O linguista australiano Christopher Moseley ficou sabendo da morte de Aritana Yawalapiti por meio da imprensa internacional – o ocorrido foi noticiado por New York Times, Reuters e Washington Post. Além de ter sido o editor-chefe da última versão do Atlas da Unesco, Moseley é membro da Foundation for Endangered Languages, organização que atua com a conscientização, monitoramento e apoio à documentação e propagação de línguas sob risco de desaparecer. Ele reforça que trabalhos como o de Tapí são essenciais para a manutenção de línguas indígenas: “Boas documentações, materiais educativos adequados e professores qualificados podem aumentar o prestígio de uma língua aos olhos das crianças.” O pesquisador elenca ações possíveis em um período de pandemia, como a tradução e divulgação de informações de saúde na língua originária. A Unesco instituiu a “Década das Línguas Indígenas” para os próximos dez anos. 
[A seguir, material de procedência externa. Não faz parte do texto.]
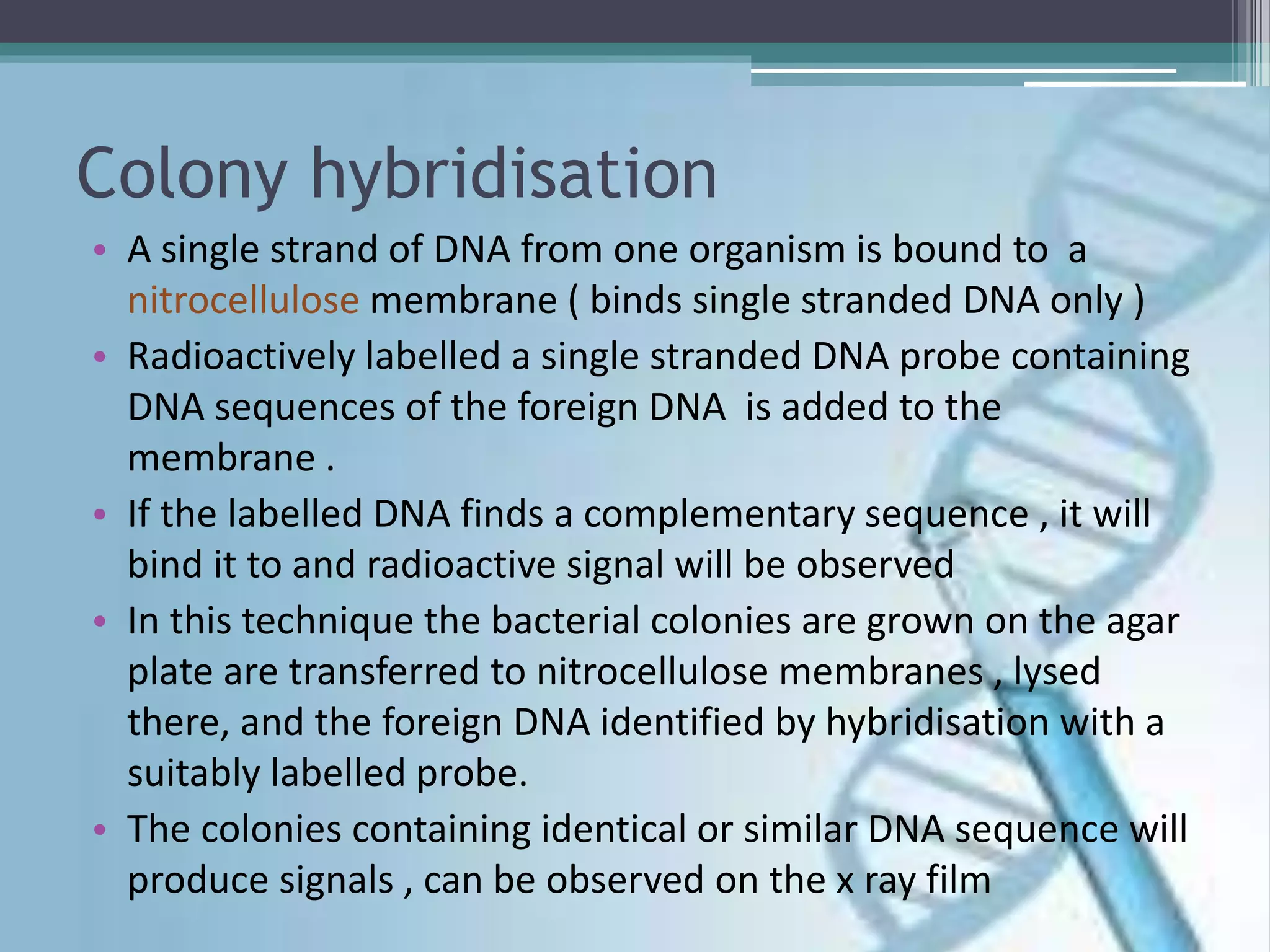 Colony hybridisation
• A single strand of DNA from one organism is bound to a
nitrocellulose membrane ( binds single stranded DNA only )
• Radioactively labelled a single stranded DNA probe containing
DNA sequences of the foreign DNA is added to the
membrane .
• If the labelled DNA finds a complementary sequence , it will
bind it to and radioactive signal will be observed
• In this technique the bacterial colonies are grown on the agar
plate are transferred to nitrocellulose membranes , lysed
there, and the foreign DNA identified by hybridisation with a
suitably labelled probe.
• The colonies containing identical or similar DNA sequence will
produce signals , can be observed on the x ray film
 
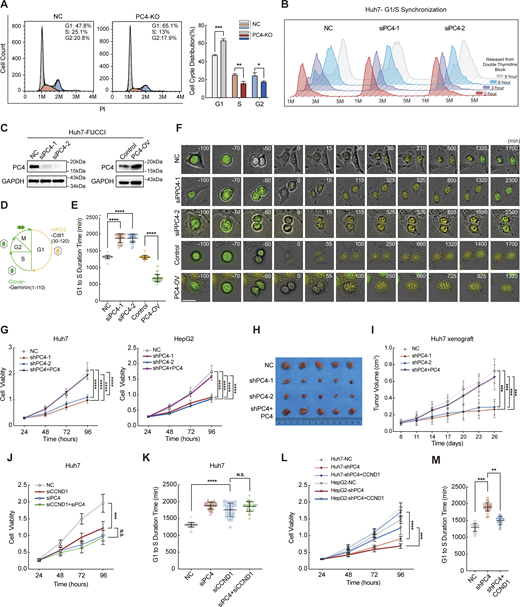 PC4 promotes G1–S transition and cell proliferation partially through a CCND1-dependent manner. (A) Asynchronized cell cycle analysis of Huh7 cells stably expressing control or PC4-KO. The number on the upper right corner represents the percentage of cells in different cell cycle phases. Data are generated from n = 3 biological replicates. (B) Synchronized cell cycle analysis of Huh7 cells with control or PC4 knockdown. Cells were treated with double-thymidine block, followed by release for indicated period of time. Data were generated from n = 3 biological replicates. (C) Western blot showing PC4 expression level in Huh7-FUCCI cells transfected with indicated siRNAs or plasmids. (D) Illustration of FUCCI-expressing Huh7 cells at each cell cycle phase. Cells at G1 display yellow fluorescence from mKO2, while cells at non-G1 phases (S, G2, and M) display green fluorescence from Clover. (E) The time length of the G1 phase in F. n = 30 cells in each group. Open circle represents an individual cell. (F) Representative frames of cell cycle tracking in FUCCI-expressing Huh7 cells transfected with indicated siRNAs or plasmids via time-lapse imaging. Scale bar = 50 μm. (G) Cell viability analysis by CCK8 assay in Huh7 and HepG2 cells with PC4 stable knockdown. Data are generated from n = 5 biological replicates. (H) Photographs of dissected tumors in the nude mice subcutaneously injected with Huh7 cell stably expressing NC, shPC4-1, shPC4-2, or shPC4+PC4 (the sequence for PC4 induction is optimized and resistant to shRNA). Data are generated from n = 5 biological replicates. (I) Tumor volume in the nude mice subcutaneously injected with Huh7 cell stably expressing NC, shPC4-1, shPC4-2, or shPC4+PC4. Data are generated from n = 5. (J) Cell viability analysis by CCK8 assay in Huh7 cells with NC, siPC4, siCCND1, or siPC4+siCCND1. Data are generated from n = 5 biological replicates. (K) The lengths of time from G1 to S phase in FUCCI-expressing Huh7 cells treated with NC, siPC4, siCCND1, or siPC4+siCCND1. Data are generated from n = 30 for each group. (L) Cell viability analysis by CCK8 assay in Huh7 and HepG2 cells with empty vector (NC), PC4 stable knockdown (shPC4), or cyclin D1 complemented PC4 knockdown (shPC4+CCND1). Data are generated from n = 5 biological replicates. (M) The lengths of time from G1 to S phase in FUCCI-expressing Huh7 cells treated with NC, shPC4, or shPC4+CCND1. Data are generated from n = 30 for each group. All quantifications were shown as means ± SD (one-way ANOVA test); error bars represent SD. *P < 0.05, **P < 0.01, ***P < 0.001, ****P < 0.0001. C is representative of three independent experiments. Source data are available for this figure: SourceData F5. Refer to the image caption for details.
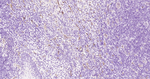 CD34 Antibody in Immunohistochemistry (Paraffin) (IHC (P))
No Alto Xingu, Tapí não tem pretensões de assumir o lugar de Aritana, chamado de “articulador de mundos”. Quer ser exemplo para os mais jovens e ajudar a preservar, além da língua, a cultura de seu povo. “Aprendi com meu pai e hoje estou aplicando na prática o que me passou, me preparou e me ensinou”, afirmou o linguista à piauí. “A minha luta hoje é documentar nossa língua materna e fazer livros didáticos para os professores indígenas trabalharem com as crianças.” Ao documentar o idioma originário de seu povo, Tapí tenta mantê-lo vivo. Mas sabe que a língua só fica viva se aqueles que a utilizam também sobreviverem.